[[ Exercise inputs open ]]

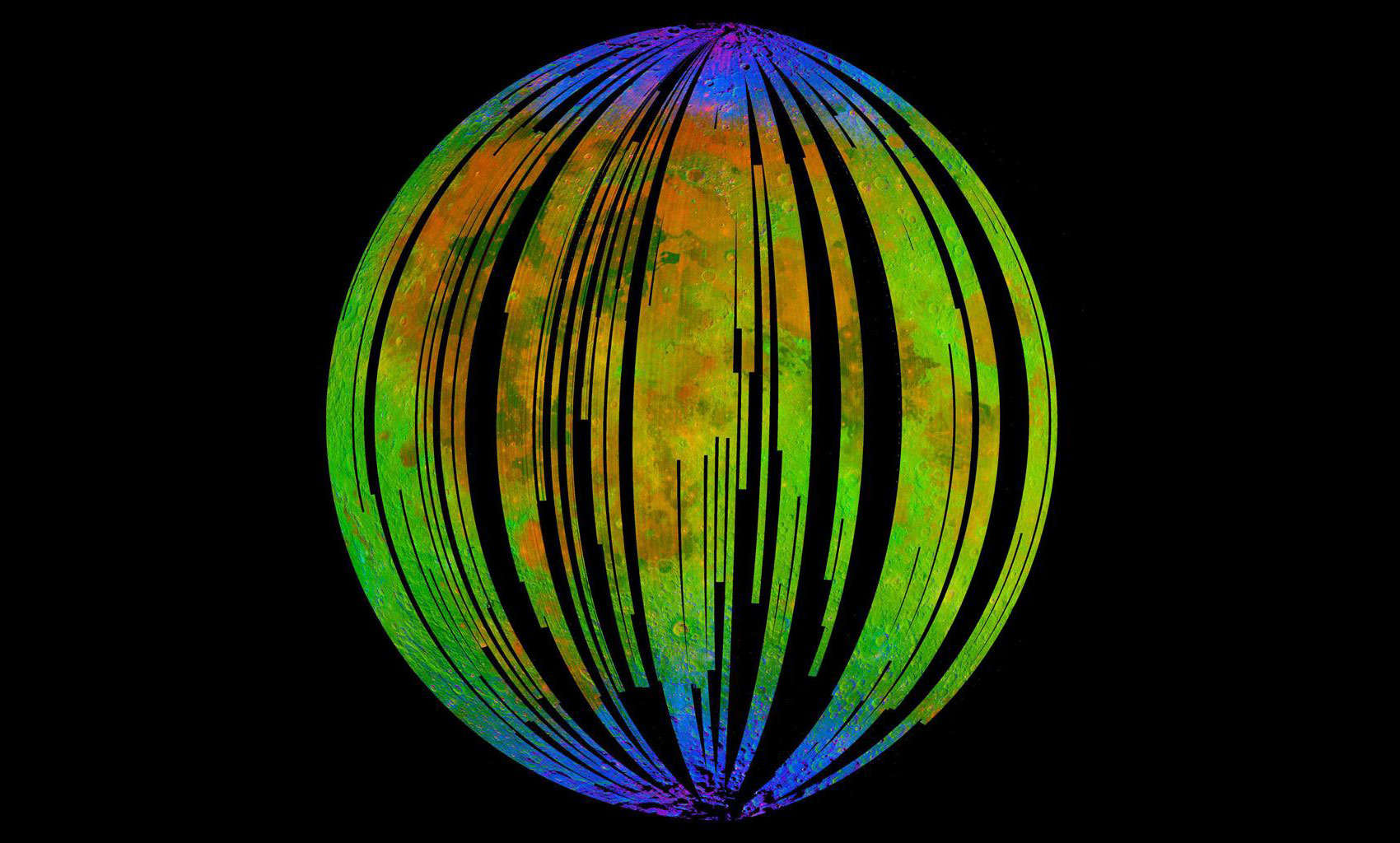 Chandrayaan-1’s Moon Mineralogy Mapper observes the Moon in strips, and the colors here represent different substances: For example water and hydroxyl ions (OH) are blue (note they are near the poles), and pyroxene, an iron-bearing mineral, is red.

[[ Exercise inputs closed ]]
[[ Exercise inputs open ]]

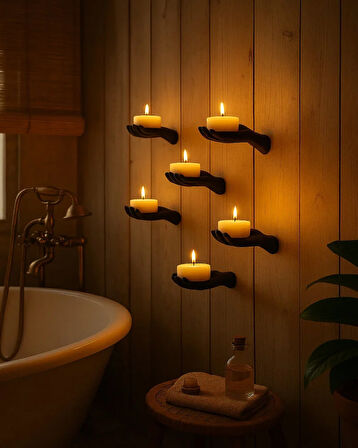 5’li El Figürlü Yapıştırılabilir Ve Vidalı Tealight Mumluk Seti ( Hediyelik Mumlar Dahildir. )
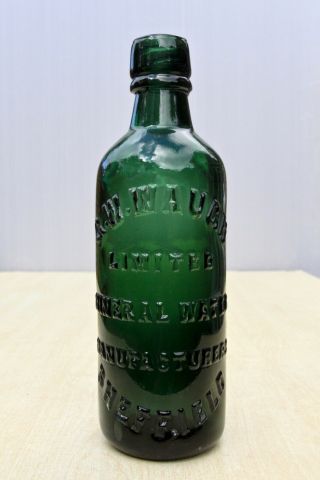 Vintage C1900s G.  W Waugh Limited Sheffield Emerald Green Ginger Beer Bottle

[[ Exercise inputs closed ]]
[[ Exercise inputs open ]]

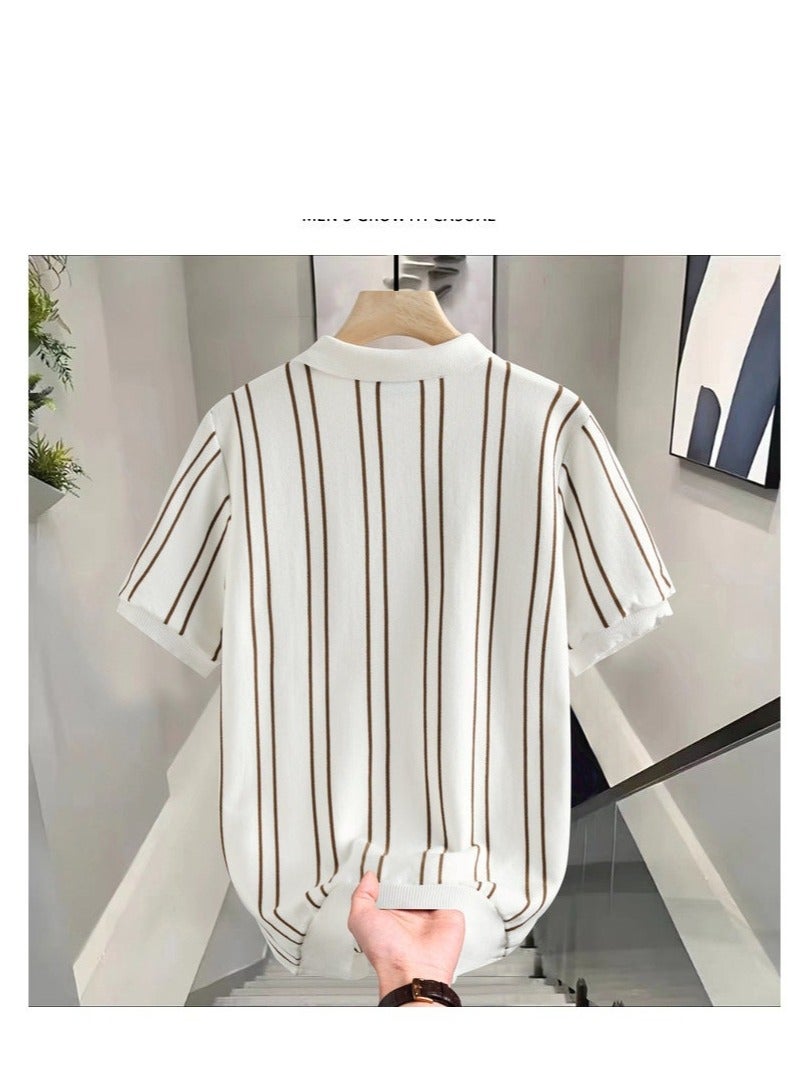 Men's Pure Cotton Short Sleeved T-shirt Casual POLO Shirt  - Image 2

[[ Exercise inputs closed ]]

■ **Task**: Starting at the line above that has "5’li El Figürlü" and ending at the line that has "Vintage C1900s G.", copy each line exactly, leaving the pictures out and adding nothing.

■ **The answer**:
 5’li El Figürlü Yapıştırılabilir Ve Vidalı Tealight Mumluk Seti ( Hediyelik Mumlar Dahildir. )
 Vintage C1900s G.  W Waugh Limited Sheffield Emerald Green Ginger Beer Bottle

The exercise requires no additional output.